What you have to do: Every entry must be repeated exactly. Exclude all pictures.

== Information provided ==

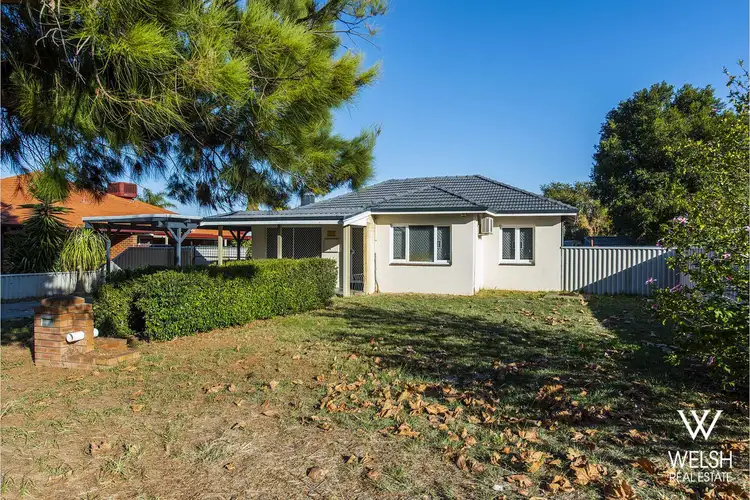 Main view of Homely house listing, 2 Rason Place, Redcliffe WA 6104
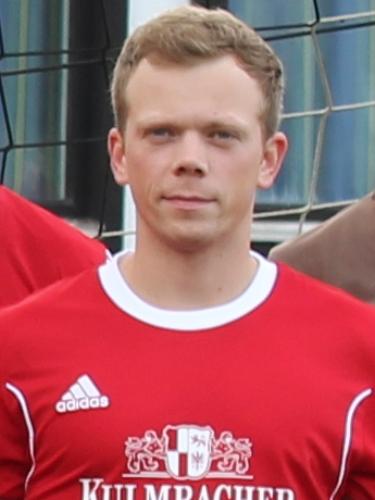 Avatar Bild für Christopher Kern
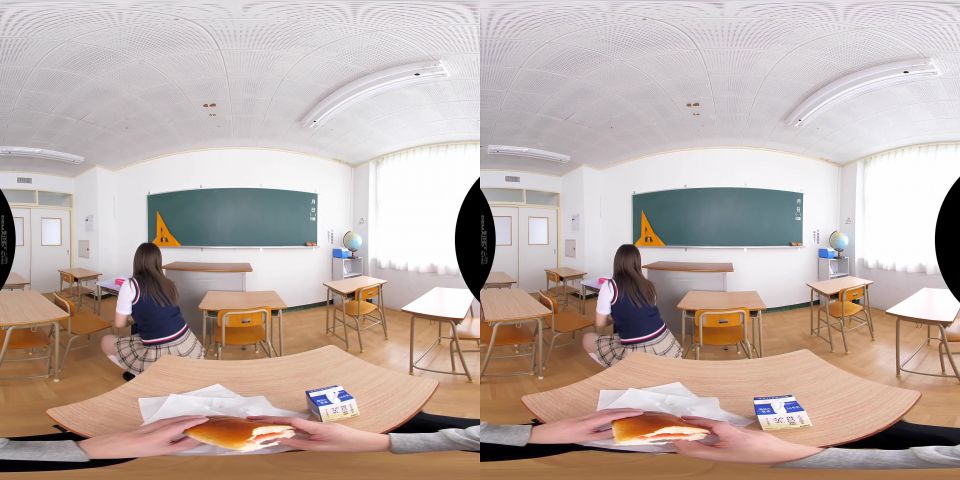 adult xxx clip 15 3DSVR-0690 A - Japan VR Porn, big ass milf mom anal on big ass porn 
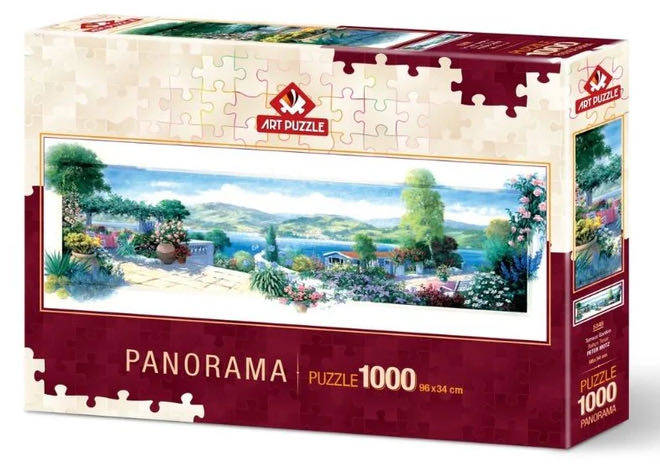 Stellar Factory Pizza: Pepperoni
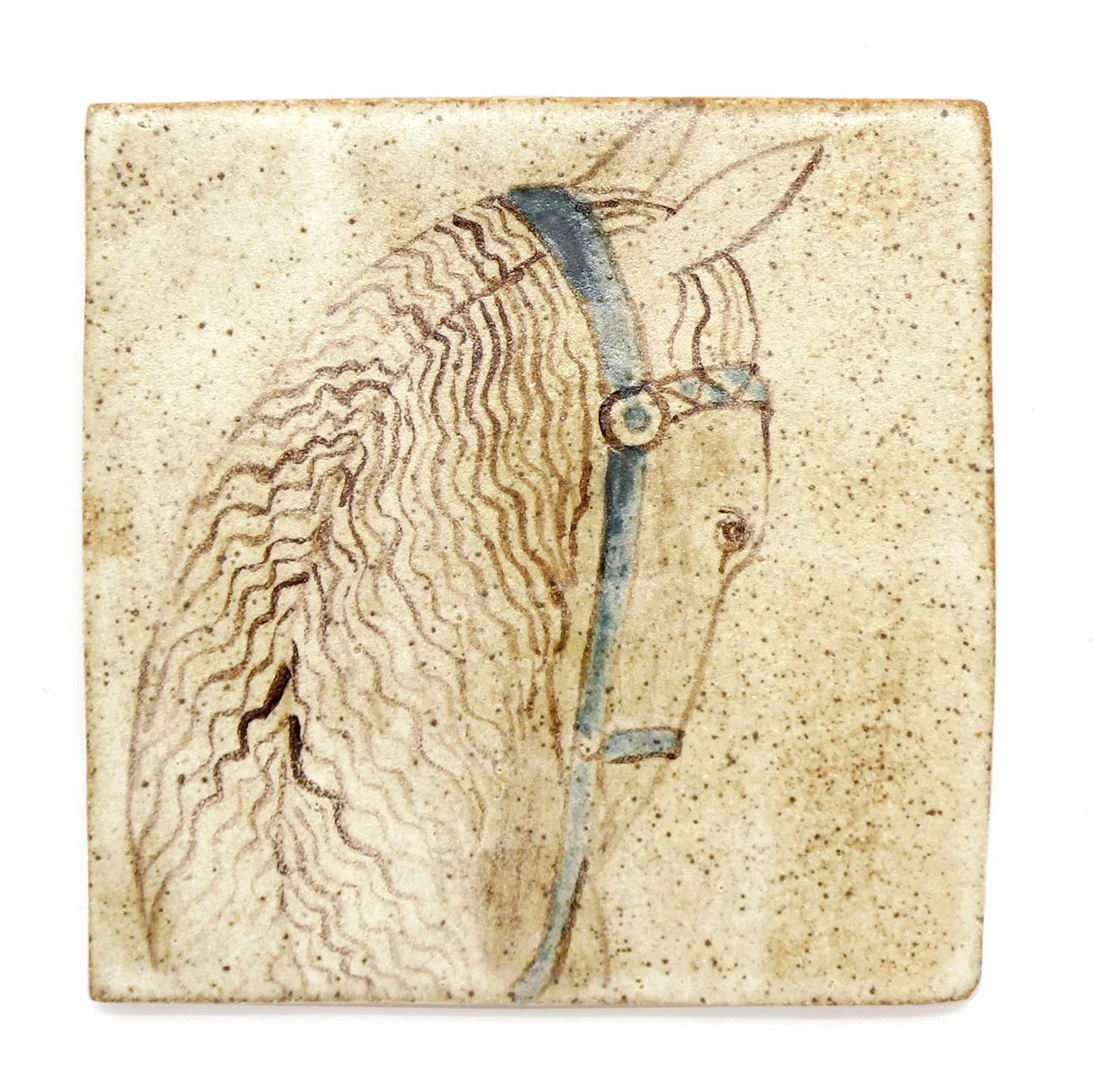 Tapestry Horse Head (looking right) Cutout2.JPG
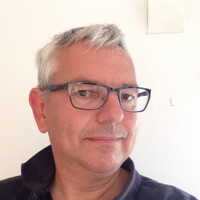 Kjell Einar Knutsen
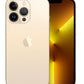 Apple iPhone 13 Pro 128GB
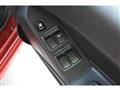 2009 Mitsubishi Colt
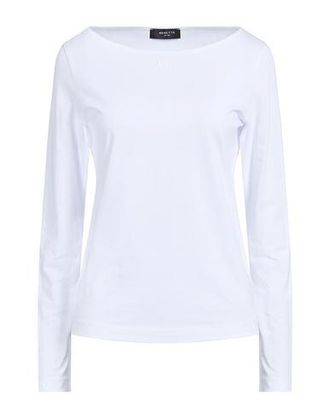 Nenette TOPWEAR - T-shirts on YOOX.COM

===

Expected answer:
 Main view of Homely house listing, 2 Rason Place, Redcliffe WA 6104
 Avatar Bild für Christopher Kern
 adult xxx clip 15 3DSVR-0690 A - Japan VR Porn, big ass milf mom anal on big ass porn 
 Stellar Factory Pizza: Pepperoni
 Tapestry Horse Head (looking right) Cutout2.JPG
 Kjell Einar Knutsen
 Apple iPhone 13 Pro 128GB
 2009 Mitsubishi Colt
 Nenette TOPWEAR - T-shirts on YOOX.COM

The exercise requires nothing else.